Der Ausbau, der allein fast eine Million Euro verschlungen hat, war nicht einfach, sagt Ralf Gebauer. Als Bausachverständiger kennt er sich in der Materie aus, hat schon viele ältere Objekte wie den früheren Preisinger in der Oberen Stadt saniert. „Aber das hier war eine besondere Herausforderung.“ Weil das Haus ein Einzeldenkmal ist, durfte in der Struktur nichts verändert werden – ein Aufzug war also unmöglich, weil dafür Decken hätten durchbrochen werden müssen.

Im Stil rund ums Jahr 1900 sind die Zimmer eingerichtet – jedes ist ein Unikum, weil wegen des Denkmalschutzes die Struktur beibehalten werden musste.

So ist jedes Zimmer ein Unikum, hat seinen eigenen Charme. Eingerichtet ist es im Stil von Gründerzeit bis Jugendstil, also von den Jahren 1890 bis 1925. Dafür hat Gebauer-Merx Antiquariate und Trödelläden in der weiten Umgebung leergekauft, manche Stücke kamen bis aus Berlin – und man sieht den Zimmern an, dass sie mit viel Liebe eingerichtet worden sind. Die Bäder etwa sind mit sogenannten Metro-Fliesen (nach der Pariser U-Bahn) ausgestattet, die Treppe in den ersten Stock dagegen haben sie behalten – sie ist tatsächlich aus Mahagoni. „Das haben wir erst gemerkt, als wir sie abschleifen wollten und nichts passiert ist, weil sie so hart ist. Die schaut aus wie neu“, so Gebauer.

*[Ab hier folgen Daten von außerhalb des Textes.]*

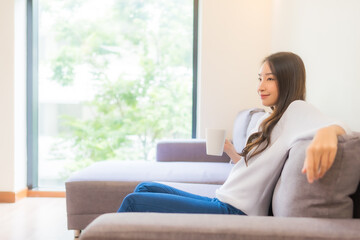 Obraz premium Portrait beautiful young asian woman with coffee cup on sofa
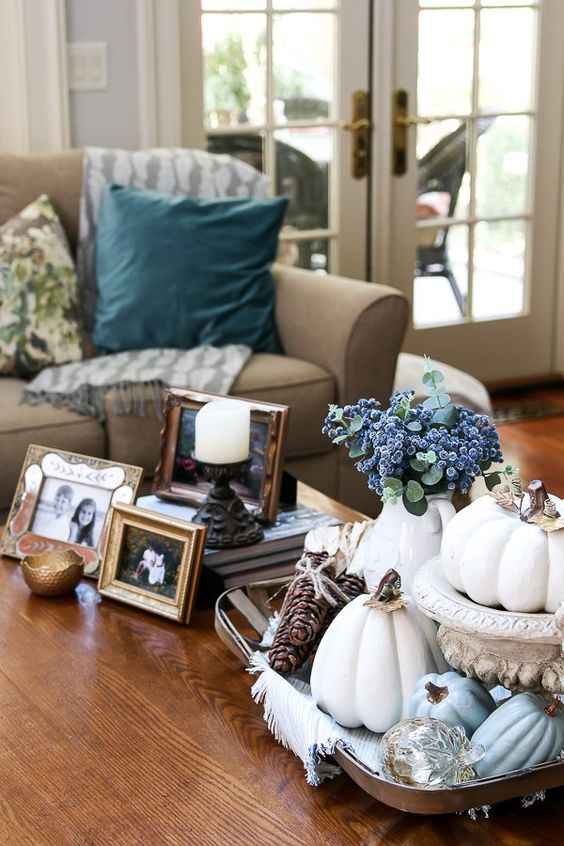 a silver tray with faux pumpkins painted whitte and powder blue, purple blooms and pinecones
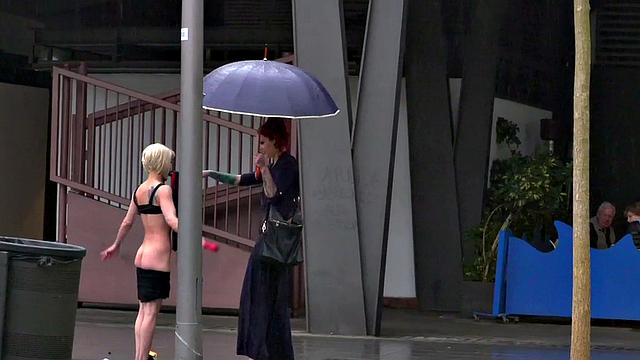 Lezdom redhead MILF shows teen servant outdoors in public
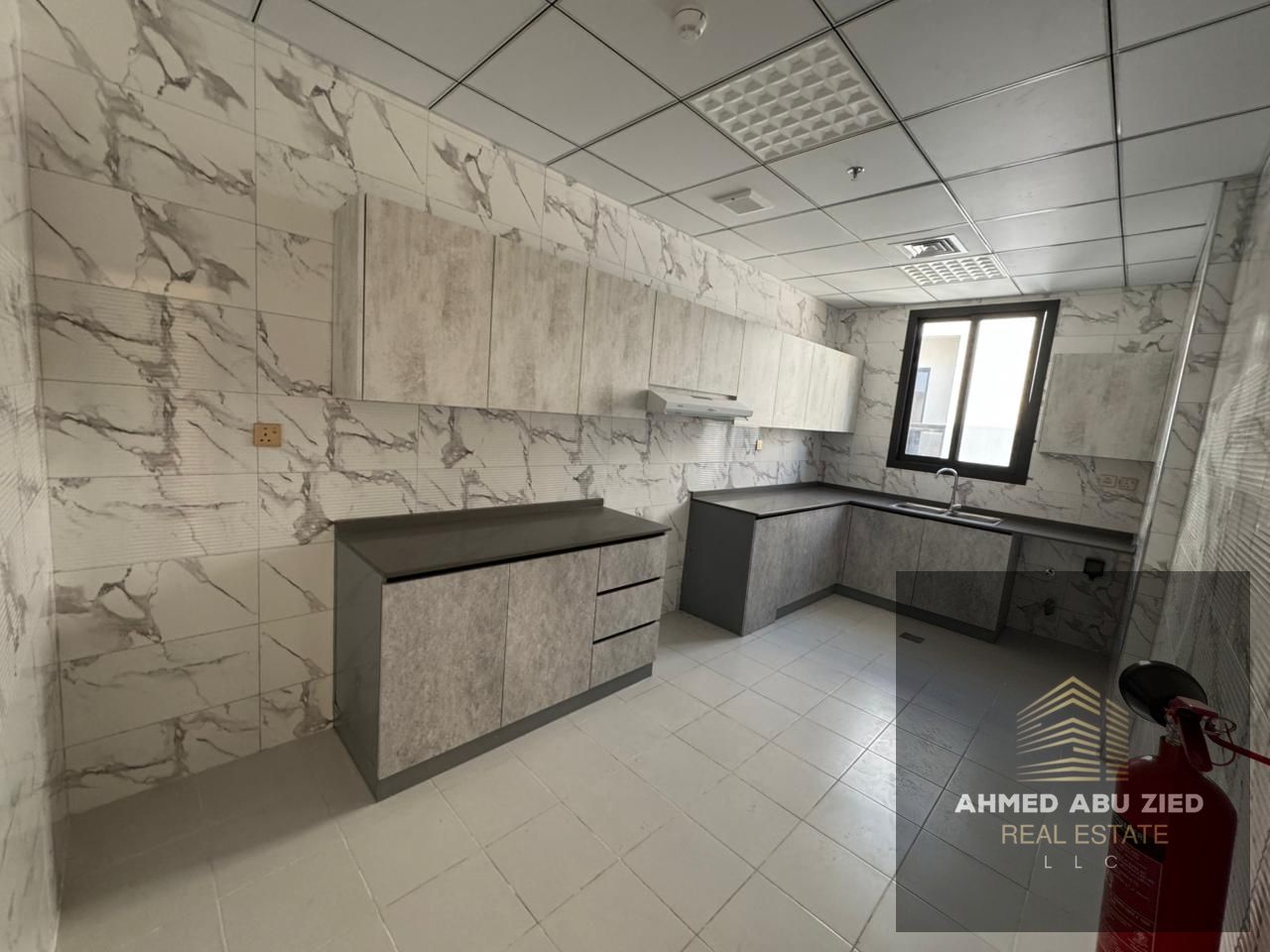 Brand-new 2BR apartment in Al Jurf, 1 month free, 2 master rooms, 3 baths, central AC, balcony, high-end finish, spacious,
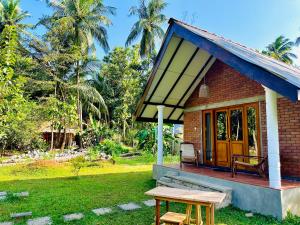 a small house with a picnic table in front of it at Sigiriya Lahiru Homestay in Sigiriya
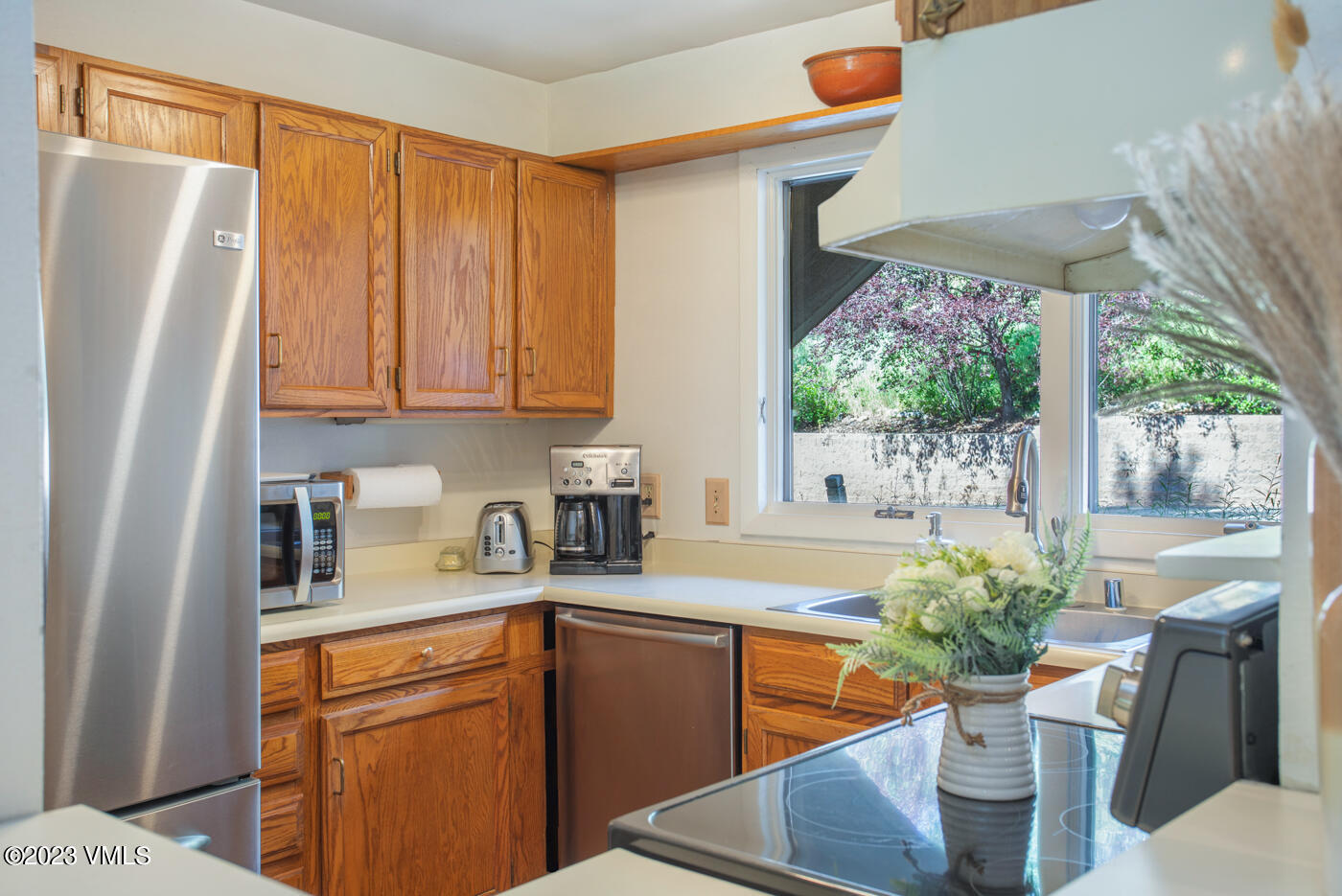 945 Red Sandstone Road, Unit B3 Vail, CO 81657 - Photo 9 of 48 a kitchen with stainless steel appliances granite countertop a refrigerator sink and wooden cabinets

Der erste Gast kam schon vor der Eröffnung

Die Zielgruppe sind Individualtouristen, gerne auch mit Rädern, für die im Innenhof genug Abstellplatz ist. E-Bike-Ladestationen sollen noch kommen, eventuell auch eine Überdachung vom Hotel zum Frühstücksraum – dort muss man sonst bei Wind und Wetter ins Freie.

Doch jetzt soll es erst einmal losgehen, was mitten in Corona-Reisewarnungen natürlich nicht einfach ist. „Vielleicht ist es ja gut, wenn wir langsam anfangen“, sagt Gebauer-Merx. Bisher hat sie zwei Mitarbeiter, drei weitere stünden parat. Der erste Gast war übrigens gestern schon vor der Eröffnung da – er hatte das Hotel im Internet entdeckt und einfach angefragt.